Чаадаев домчался молнией, явился к царю, доложил, услышал в ответ задумчивое: «Надо признаться, что семёновцы, даже совершив преступление, вели себя отлично, хорошо».
Александр, как частное лицо, просил Чаадаева, вернувшись в Россию, не вдаваться в подробности разговора, в котором он не до конца осуждал семёновцев.
Возможно, на обратном пути Чаадаев вспомнил манифест 25 марта 1813 года, которым сами императоры, теснившие Наполеона и зачастую теснимые им, призывали народы сражаться за свободу и независимость. Именно народы. А может быть, он вспоминал не манифест, а само то воодушевление, которое помогло народам победить большие батальоны Наполеона? Как часто тогда произносилось и даже монархами это магическое слово: свобода.
Тут Чаадаев мог усмехнуться усмешкой не весёлой, усталой. Карету трясло уже на российских необустроенных дорогах. Не в такт тряске звучали в памяти слова Пушкина:
Верил ли ещё сам Пушкин? Там, на юге?
...Кроме Аракчеева, позже появился Витт[62], не в таком, правда, приближении. Он был один из многих охранителей, малопривлекательный чернявый господин с оливкового цвета нечистой кожей. Сама наружность его как бы свидетельствовала о многих пороках и страстях разрушительных. Исполняя свою должность начальника военных поселений на юге России, он ещё с особым рвением вынюхивал тайные общества.
Говорят, когда царю верноподданнически докладывали о существовании «Союза благоденствия», он отводил доносы, слабо, как бы для себя произнесённой фразой: «Не мне их судить».
Что должна была значить эта фраза: «Не мне, потому что я замешан в убийстве отца»? «Не мне, потому что ещё недавно я сам потакал либеральным играм»?
Пушкин в 1834 году писал по поводу отношений Александра I к декабристам, выдавая, очевидно, мнимое за сущее: «...покойный государь окружён был убийцами его отца. Вот причина, почему при жизни его никогда не было бы суда над молодыми заговорщиками, погибшими 14-го декабря. Он услышал бы слишком жестокие истины».
VIII
Но вернёмся к ссылке Пушкина на юг.
Прежде всего несколько подробностей: в России того времени не было министра иностранных дел. Сам царь был министром иностранных дел. Но в иностранной Коллегии было два секретаря: Нессельроде и Каподистрия.
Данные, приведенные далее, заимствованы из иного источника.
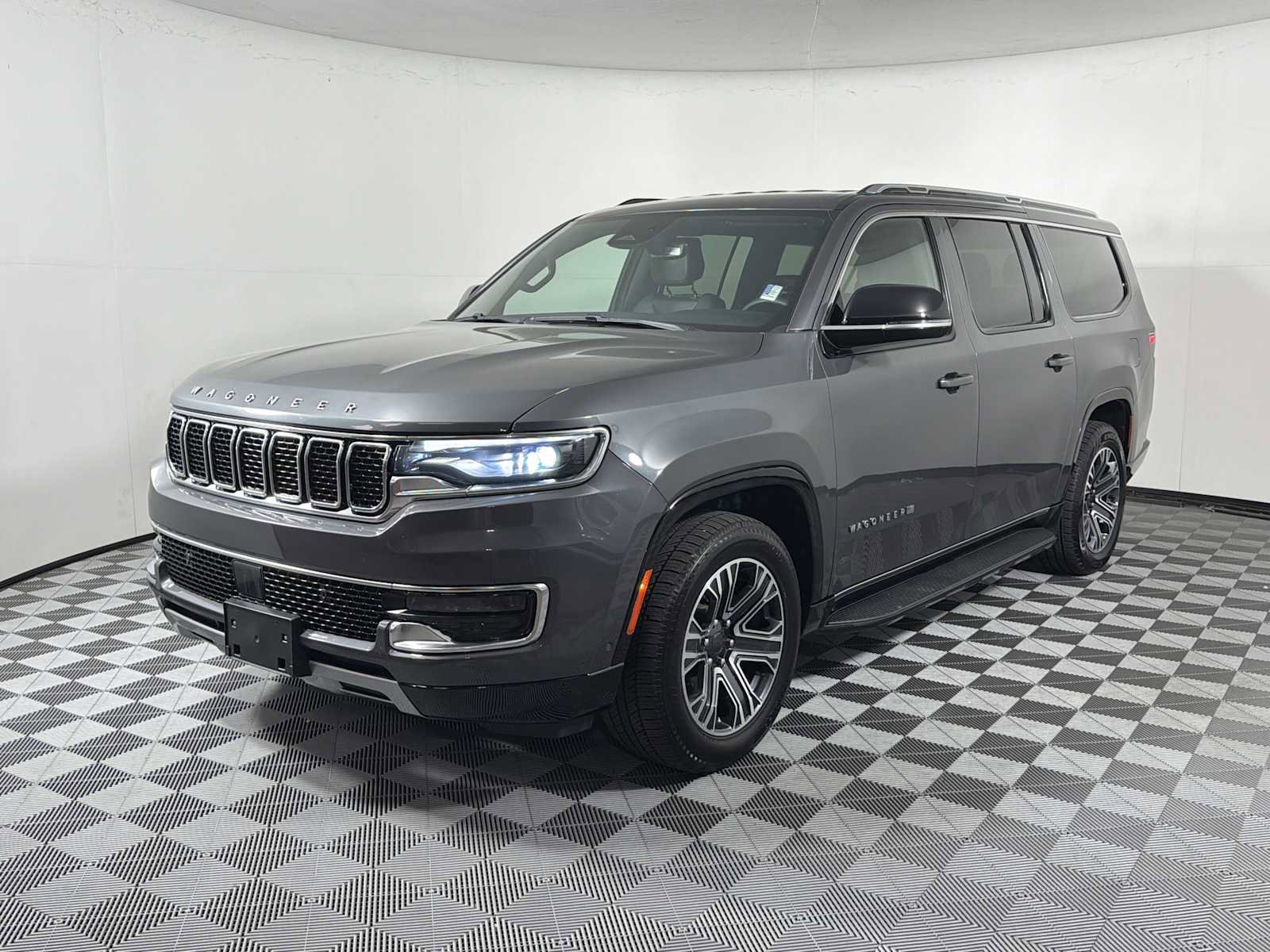 Used 2023 Jeep Wagoneer L Series II AWD/4WD image 3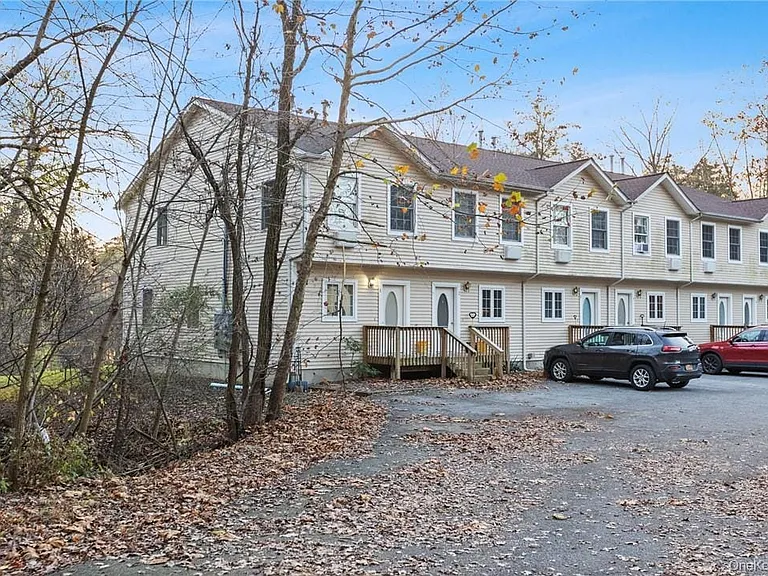 22 Lake Lodge Dr #1 — Photo 4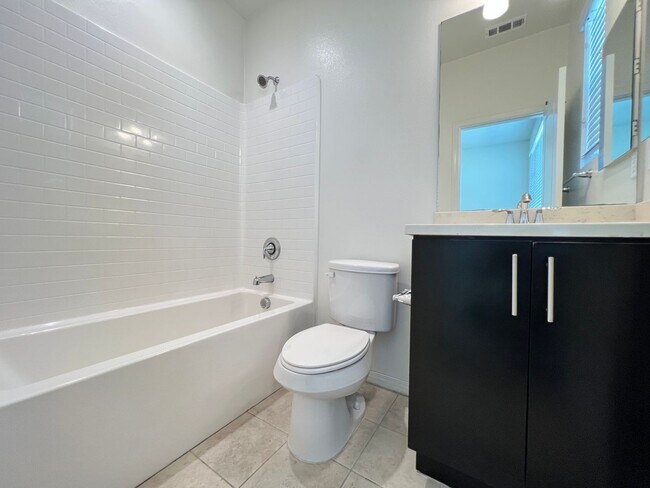 Building Photo - Wonderful 3 Bedroom 3 Bathroom Anaheim Condo in Gated Community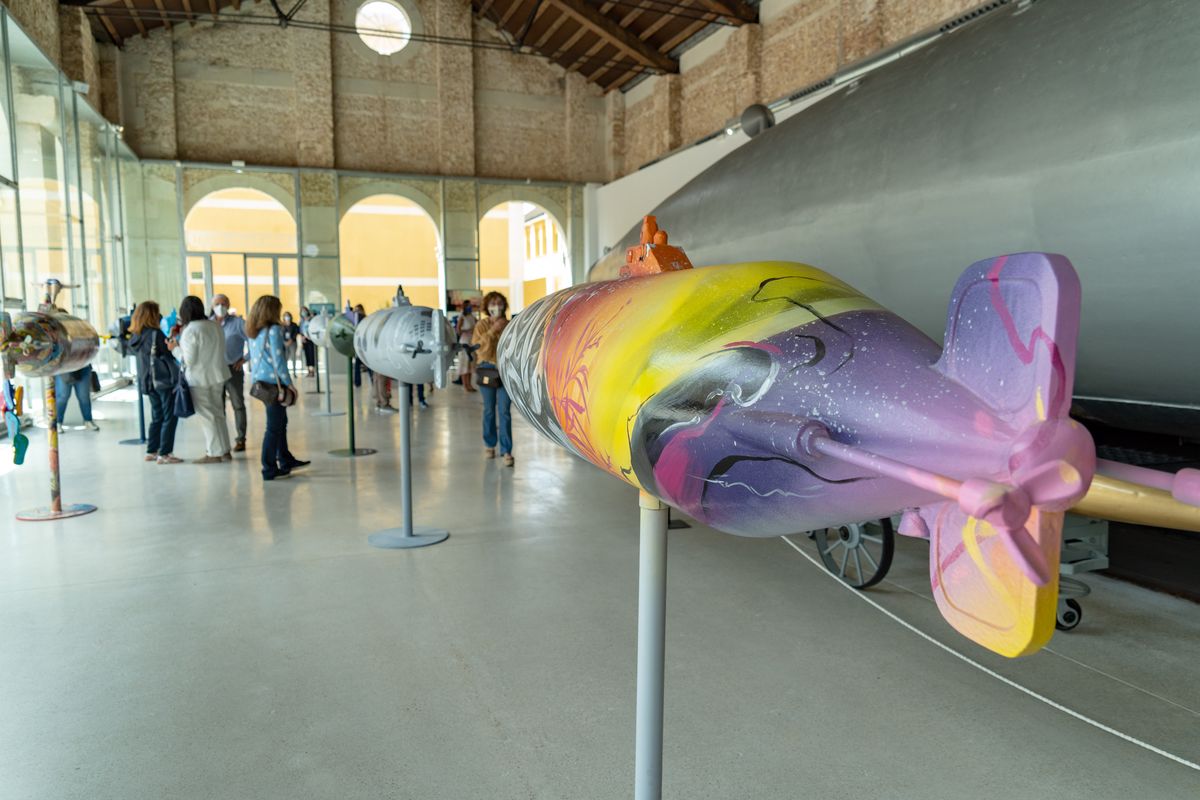 AytoCartagenaES's tweet photo. ⚓️La flota de Isaac Peral aumenta en el Museo Naval con réplicas customizadas del submarino🎨

👩‍🎨 Artistas de #Cartagena arman una exposición que pone rumbo a otras ciudades como #Cádiz o #Madrid 🌊

➕INFO🔗https://t.co/VrjErXhq8Q https://t.co/w4gm0RRp0A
Если вам удастся, рассмотрите портреты их — сравнивая. На физиономии Нессельроде много чего написано, но нет и признаков широты и благородства. Зато какое светлое лицо у Каподистрии! Он доброжелателен — это бросается в глаза. Он грек, человек нелёгкой судьбы, он служит России и престолу верой и правдой, но в Пушкине он не видит ни государственного преступника, ни человека, поправшего нравственность. При чём же тогда Сибирь?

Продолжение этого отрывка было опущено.